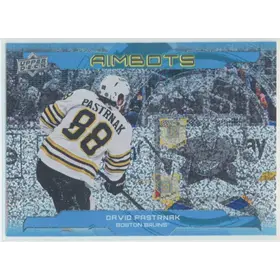 2024-25 UPPER DECK - DAVID PASTRNAK #AB-8 AIMBOTS SPECKLE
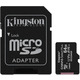 Карта памяти MicroSDXC 64GB UHS-I 10 Kingston Canvas Select Plus R100MB/s + SD-адаптер (SDCS2/64GB)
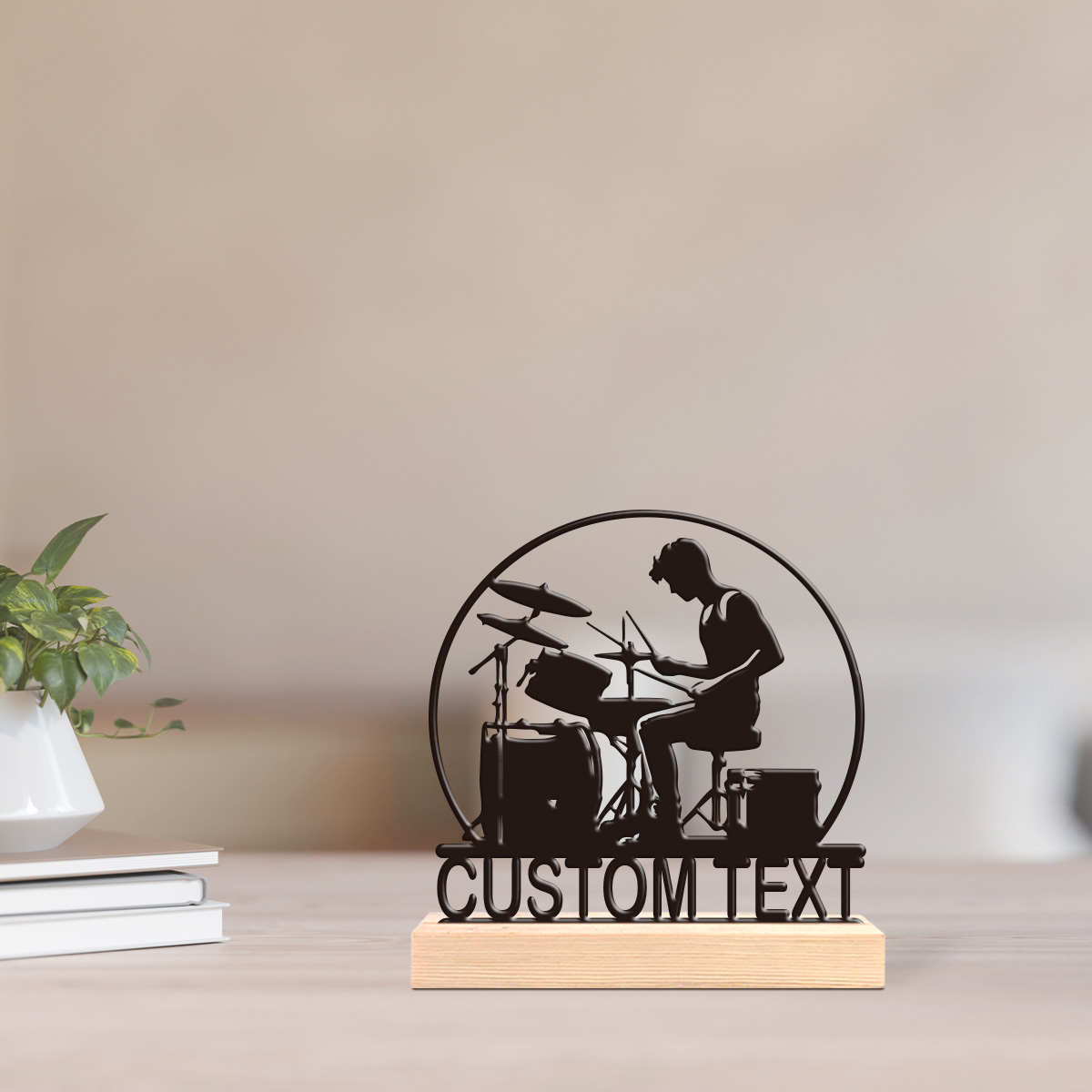 Desktop Laser Engraver - 1 peça de Estátuas de Metal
· · · · · · ·
» **TASK ITEM**: Print the material again, unchanged, without its pictures.

» **WRITTEN RESPONSE**:
 2024-25 UPPER DECK - DAVID PASTRNAK #AB-8 AIMBOTS SPECKLE
 Карта памяти MicroSDXC 64GB UHS-I 10 Kingston Canvas Select Plus R100MB/s + SD-адаптер (SDCS2/64GB)
 Desktop Laser Engraver - 1 peça de Estátuas de Metal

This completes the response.